The band really hit their stride with "Worried Down with the Blues," with every band member firing on all cylinders at once. The jamming was thick, and it was clear the band had broken through to the next level. It reminded me in a sense of the latest incarnation of Phil Lesh & Friends, not just because of Haynes, who's in both bands, but rather the style of jamming. Each instrument played its own little part, with everybody sort of soloing together the whole time, each member able to lead the jam into a new place if the inspiration hits.
Next up were "Black Hearted Woman," "Stand Back," and "The High Cost of Low Living." Derek Trucks blazed to the forefront during this progression. We reminisced about seeing Trucks at the same venue 11 years ago. He was barely a teenager at the time, just sitting in with the band. But once he started playing everyone knew what was in store for him. Ben Ellman from Galactic came out to add funky sax to "The Same Thing," which also featured James van de Bogert on drums. Haynes wailed through the vocals as Burbridge and Ellman took intense solos. Ellman started trading licks with both Haynes and Trucks, cooking up a sax sandwich going back and forth between both guitarists. I'd never seen the Allmans with a sax player before, and the amazing amalgam of jazz/blues/rock/funk that emerged has to be heard to be believed.
The catchy mellow groove of "Come and Go Blues" was up next, followed by "Desdemona" and "Woman Across the River." The Allmans were serving up quite an interesting setlist, keeping things fresh and vibrant in a way much different from a set full of hits and standards. Galactic's drummer Stanton Moore and Black Crowes guitarist Audley Freed came up on stage to join in for "You Don't Love Me." With three guitars now battling it out, the winner was clearly Warren Haynes, who was soloing as fast and tight as possible, the video screen displaying him by himself with fireballs and meteors shooting past. That's about how it sounded too as he blasted the jam into hyperspace.

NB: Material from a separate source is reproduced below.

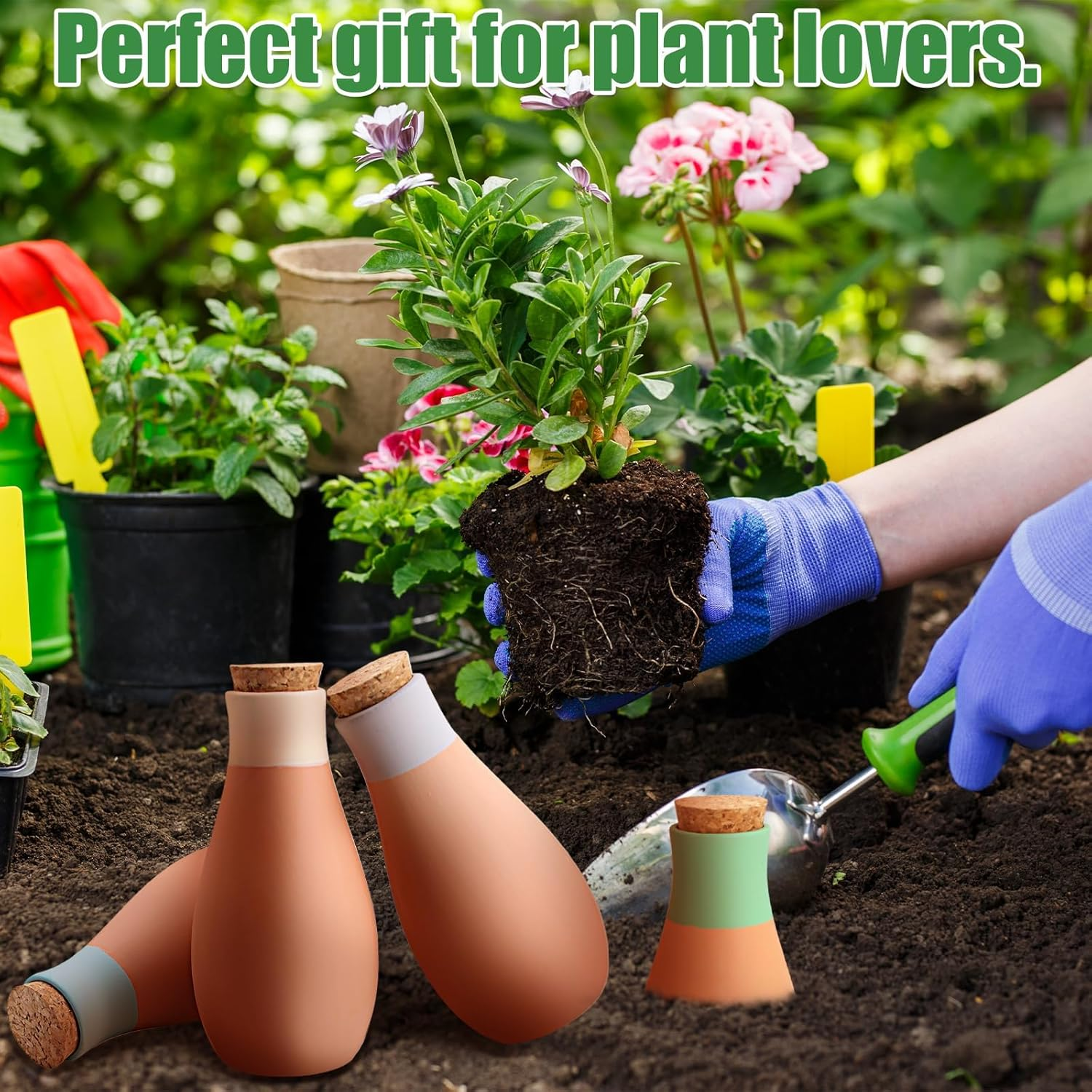 4 Pcs Terracotta Watering Pots, 13.5Oz/400Ml Terracatta Self-Watering Globes for 1-Week, Watering Planter Insert for Outdoor & Indoor Plants Easy to Refill - Set of 4 image number 6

Greg Allman then sang about some "good clean fun" as the band raced through "Firing Line" on their way to the next-wave funk of "Rocking Horse." This led into a massive drum solo, as all three drummers exploded for the next ten minutes. As soon as it ended, Oteil Burbridge appeared back on stage alone, taking a beautiful bass solo that touched not only on "Whipping Post" and "Little Martha" but also evoked the beautiful mellow melodicism of his own band The Peacemakers.
Audley Freed, Ben Ellman and Stanton Moore (on Quinones' rig) all came back on stage for the highlight of the evening, the classic "Southbound." With nine musicians on stage trading licks in every different combination, the positive energy and improvisational chaos emanating from the stage was overwhelming. Having played 2 hours with no intermission, they wrapped up the set, returning for the traditional "Whipping Post" encore. It was hard to tell who was working harder, Warren Haynes or the video screen director, as each seemed determine to empty their bag of tricks during the last minutes of the show. Greg Allman sang those classic words, "Sometimes I feel like I've been tied to the whipping post," and as the band wrapped up after almost 3 hours, and endless whippings, I felt that on this night they had truly earned their ointment.